'Second Show' (Malayalam)
Director: Srinath Rajendran
Cast: Dulquer Salman, Gauthami Nair
Remember the hype and hoopla that surrounded ‘Refugee’ in 2000? The movie’s primary claim for attention was that it marked the debut of star children - Abhishek Bachchan and Kareena Kapoor. Similarly, since its announcement last year, ‘Second Show’ has been in the limelight as Dulquar Salman, the son of Big M - Mammootty - making his debut through the movie.
And Mollywood’s Sallu Bhai, though there are many areas to improve, has marked a promising start.
The major attraction of ‘Second Show’ is a freshness in the making, be it the non-linear mode of story telling, the background score by Rex Vijayan or the trio of Dulquar, Sunny Wain and Gauthami Nair who portray Lalu, Kurudi aka Nelson Mandela and Geethu respectively.
This novel touch is the USP of the film.
There are some similarities to RGV’s ‘Satya’ to the storyline. Debutant director Srinath Rajendran has not relied upon unnecessary build-ups to the hero and has tried to give a realistic touch to the scenes.
The introduction of Dulquar was so cool and unexpected, a clear indication that it will not end as an ordinary show. Talking about the storyline, it is not too refreshing a story. An unemployed youth, cliched portrait of his mother who always worries about her son, the grey shades of the slums, a drug lord and how the hero takes a second chance to end himself as a chotta don.
Yes, ‘Second Show’ too has all these elements which are the trademarks of the so-called gangster movies in Malayalam. Despite the use of so many hand-held shots which may irritate the viewers, the director has succeeded in telling the story in a different way and without it, the movie would have ended up a crapper.

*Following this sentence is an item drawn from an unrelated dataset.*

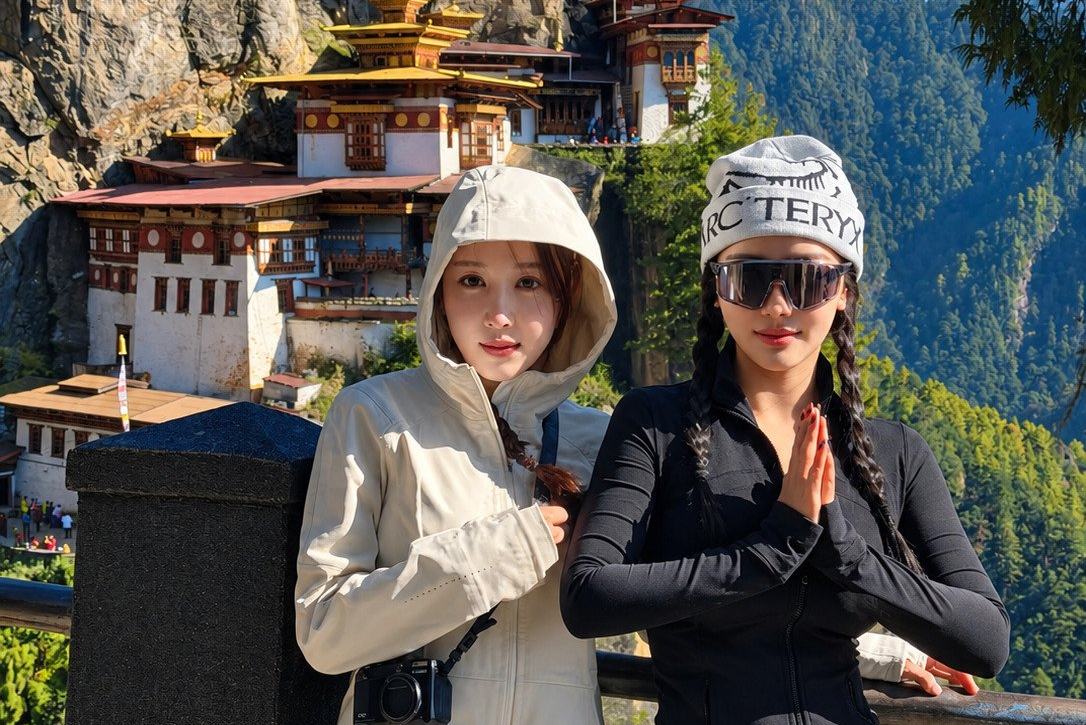 Travellers at the viewpoint facing the monastery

Enjoyable as a one-time watch, ‘Second Show’ will be remembered for two reasons. Firstly, it is a pointer towards the changing face of Malayalam cinema with the new-age filmmakers willing to experiment.
The second factor is Dulquar, who proved that he has that ‘M factor of acting’ in his blood which will, in the long run, help him undertake heavy roles.